School district spokeswoman Jackie Johnson said every public school in Alachua County will eventually be impacted by these funds. A large portion of the money will go towards Howard Bishop Middle School. Michael Gamble has been principal at Howard Bishop Middle School for nine years now.

“Howard Bishop Middle School was built in 1962, and we really need major classroom renovations,” Gamble said.

Paint, air conditioning units and leaking ceiling tiles show the wear and tear over the past six decades. Gamble pointed to places where ceiling tiles were long gone and explained how patch up jobs just aren’t cutting it.

“Plugging leaks with just a finger in the hole,” Gamble said, “it doesn’t help.”

With a new funding stream for school district facilities, Gamble’s school will get brand new buildings.

“Gosh, I’d be happy with new furniture in classrooms, but to get new classroom buildings that’s tremendous,” he said.

Furniture would cost about $5,000 per classroom.

Gamble said these infrastructure improvements are going to impact students.

“What we have to do is motivate students,” Gamble said, “making them excited about school. Making them want to learn and if you have a nice, shiny facility it impacts that.”

Three schools are expected to see the money first. In addition to Howard Bishop, Metcalfe Elementary and Idylwild Elementary will also see a large portion of the funds according to Johnson.

“Those schools have obviously very, very significant needs,” she said.

There is a prioritization list as far as the rest of the schools in the county are concerned.

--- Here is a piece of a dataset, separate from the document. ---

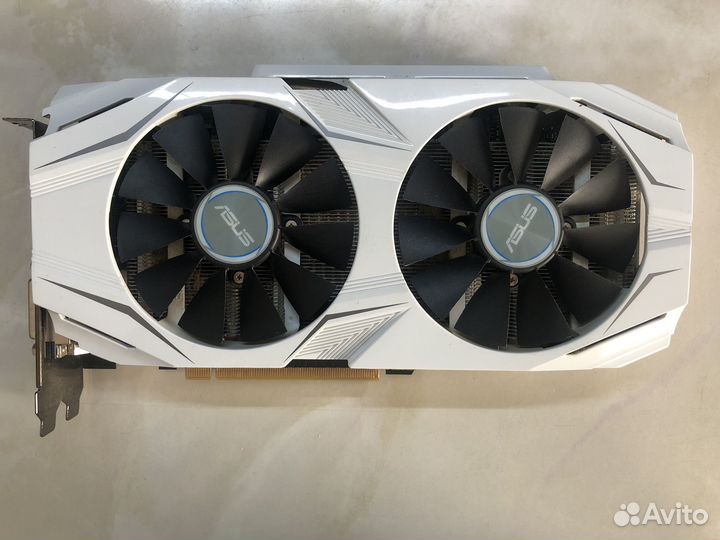 Игровая видеокарта Nvidia GeForce GTX 1060 6GB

“We are going to be prioritizing based on the age of the buildings, the condition of the buildings, how many students they serve, how much money we’ve spent on them recently,” Johnson said. “So there are a lot of things that you have to look at in making these determinations.”

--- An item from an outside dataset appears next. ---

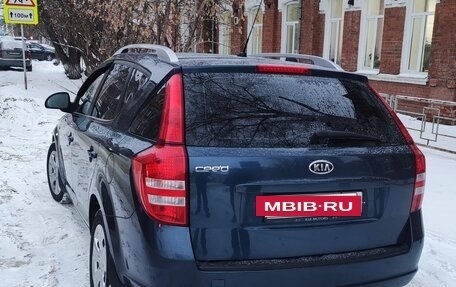 KIA cee'd I рестайлинг, 2008 год, 750 000 рублей, 13 фотография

Gamble is thankful the community came through on the sales tax vote.

“We appreciate the support of the voters,” he said.

Johnson said the district is already in the process of hiring architects to design the projects at the highest needs schools.

To see a comprehensive list of potential projects at various schools, click here.

About Samantha Serbin

Samantha is a reporter for WUFT News who can be reached by calling 352-392-6397 or emailing news@wuft.org.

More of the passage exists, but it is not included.